Proposal: Use Prometheus for scraping & storage

jimmidyson commented 8 years ago

Right now, Heapster performs all the tasks of scraping, caching, exporting to external storage, & REST API for retrieval.

The same metrics that Heapster retrieves via the /stats endpoint on the kubelet are also exposed for Prometheus to scrape via /metrics. How do you feel about Heapster becoming a query & abstraction layer on top of Prometheus to provide Kubernetes semantics to Prometheus timeseries?

Prometheus is also used in a number of other components: etcd & skydns being the two main core Kubernetes ones I can think of straight off.

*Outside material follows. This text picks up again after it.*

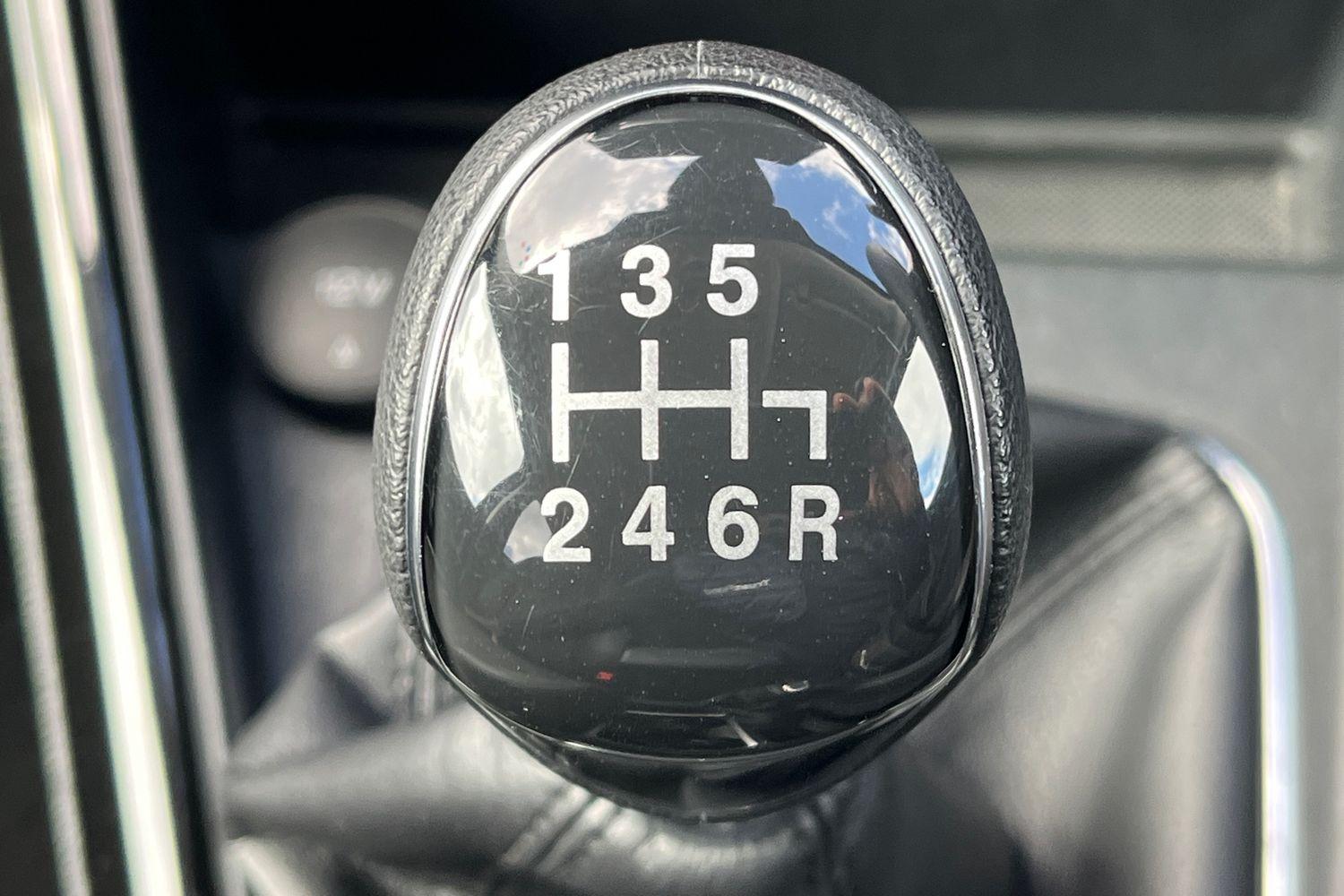 Ford EcoSport Photo 34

I fairly recently added Kubernetes discovery to Prometheus so we have all container metrics ingested, as well as application level metrics (future work for Heapster) thanks to the wide range of language plugins & external metric exporters in the Prometheus ecosystem.

Prometheus has export capabilities the same as Heapster (albeit without a GCM sink atm but that should be easy enough to add in).

Alerting, sharding & federation is already built in to Prometheus.

I could see Heapster becoming a REST API to convert Kubernetes semantic queries to Prometheus queries, with Prometheus providing awesome collection & (configurable) short-term storage of metrics.

Comments?

vishh commented 8 years ago

The same metrics that Heapster retrieves via the /stats endpoint on the kubelet are also exposed for Prometheus to scrape via /metrics. How do you feel about Heapster becoming a query & abstraction layer on top of Prometheus to provide Kubernetes semantics to Prometheus timeseries?

As of now, I think prometheus can be one of the backends for heapster.

Prometheus is also used in a number of other components: etcd & skydns being the two main core Kubernetes ones I can think of straight off.

I assume you are referring to metrics being in prometheus format. AFAIK, that was done because prometheus client libs were the most expressive ones as of now.

I fairly recently added Kubernetes discovery to Prometheus so we have all container metrics ingested, as well as application level metrics (future work for Heapster) thanks to the wide range of language plugins & external metric exporters in the Prometheus ecosystem.

This is great. This will definitely be helpful.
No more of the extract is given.